NebulaGraph Exchange (referred to as Exchange) is an Apache Spark™ application used to migrate data in bulk from different sources to NebulaGraph in a distributed way(Spark). It supports a variety of batch or streaming data sources and allows direct writing to NebulaGraph through side-loading (SST Files).

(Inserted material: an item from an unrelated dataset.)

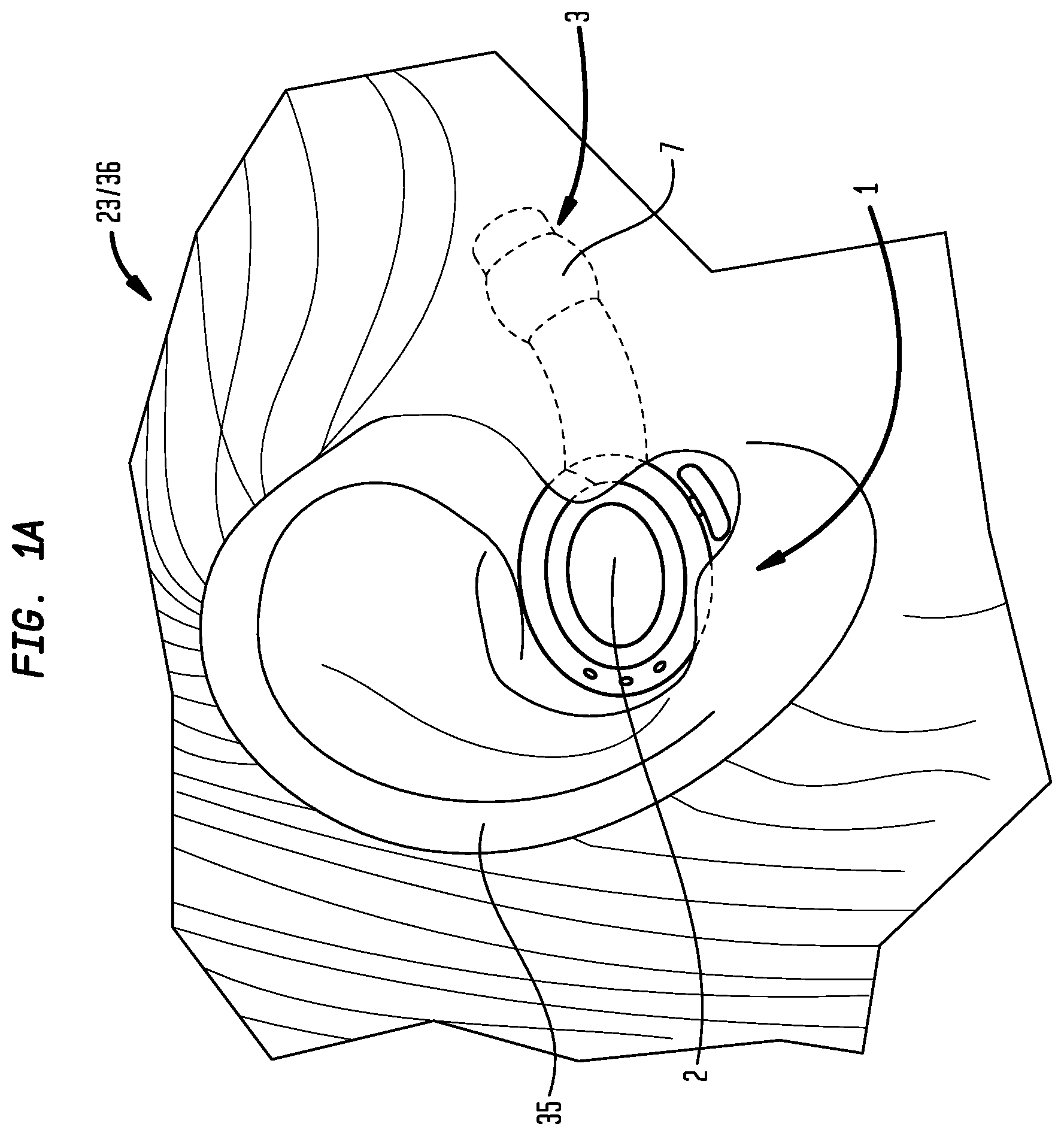 Patent US12396892 — External ear canal pressure regulation device — Figure 1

Exchange supports Spark versions 2.2, 2.4, and 3.0 along with their respective toolkits named: nebula-exchange_spark_2.2
, nebula-exchange_spark_2.4
, and nebula-exchange_spark_3.0
.
Note:
- Exchange 3.4.0 does not support Apache Kafka and Apache Pulsar. Please use Exchange of version 3.0.0, 3.3.0, or 3.5.0 to load data from Apache Kafka or Apache Pulsar to NebulaGraph for now.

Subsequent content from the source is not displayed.